Carrey's latest NFT piece, titled Goon in Moonlight, is set to be minted on Monday, Aug. 8, with a 24-hour countdown to the auction, which begins on Tuesday, Aug. 9 at 12 p.m. PT/3 p.m. ET and runs through Thursday, Aug. 11, with a reserve price of $50,000. A portion of the proceeds will benefit World Central Kitchen.
The piece is described as "a contemplative vignette involving a wide combination of Carrey’s talents, including drawing, painting, digital enhancement, writing and vocal performance art. The themes explored in this piece are both touching and universal and are a reflection of the thought-provoking process that went into its creation."
"Our consciousness is so compelling at times," Carrey shared with ET, noting that Goon in Moonlight also plays on the concept of memories, both good and bad.
"Memory is there to remind you," he noted. "It's kind of part of what the ego plays with... The creative process for me is, I don't care what it is, I want to show all shades of light and darkness and just express things from a place where I don't even know where it's coming from. Goon in Moonlight happened spontaneously -- I didn't even know what I was gonna paint and what I painted was my subconscious and unconscious mind and those feelings of alienation, which everybody feels... Everybody is the goon at some point in their lives."
As for the donation to World Central Kitchen, Carrey said simply, "I believe in feeding people."
"I've seen a lot of people with a lot of food insecurity in the last few years," he added. "When the COVID hit, when everything was really upside down, a lot of people lost their their means of support and their way to get meals, to get food. This company does a beautiful job of, you know, providing relief where it's necessary."

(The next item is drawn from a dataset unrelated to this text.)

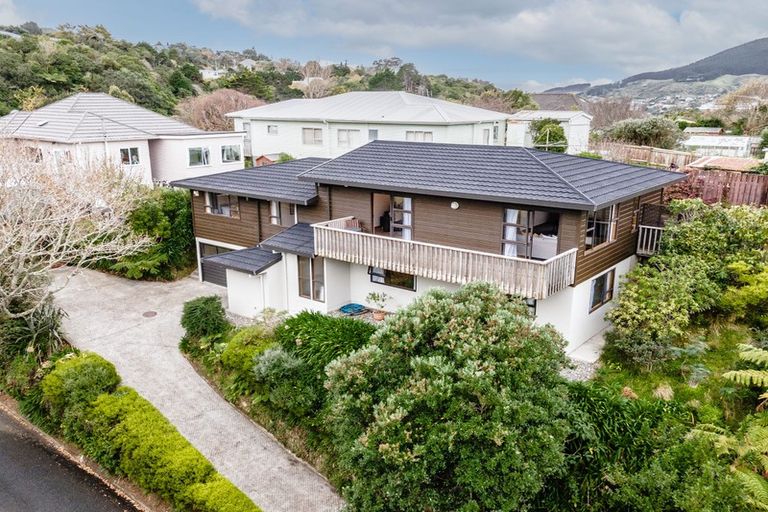 Photo of property in 16 Romney Square, Tawa, Wellington, 5028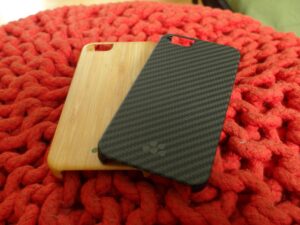 Evutec-iPhone-Cases-Carbon-Fiber-and-Wood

As for what's next, Carrey told ET in April that he was hoping to take a step back from Hollywood and do "a whole lotta nothing." However, he explained that isn't ready to set anything in stone when it comes to his retirement, and would be open to everything from smaller indie projects to more work in the Sonic the Hedgehog franchise.
"The universe is just multitudinous in its creation, so I want something to surprise me if I am going to do it again," he explained. "I do have a love for the Sonic franchise and for the people involved there...I obviously would consider doing another one if it was right."
"I really just want to be inspired," he added. "When I picked up The Truman Show [script], I went, 'This just must be said'... Eternal Sunshine [of the Spotless Mind], this just has to be done. Dumb and Dumber has to be done, you know? It doesn't matter what it is, as long as it's a wonderful, inspiring thing to do and create. Then I can have fun."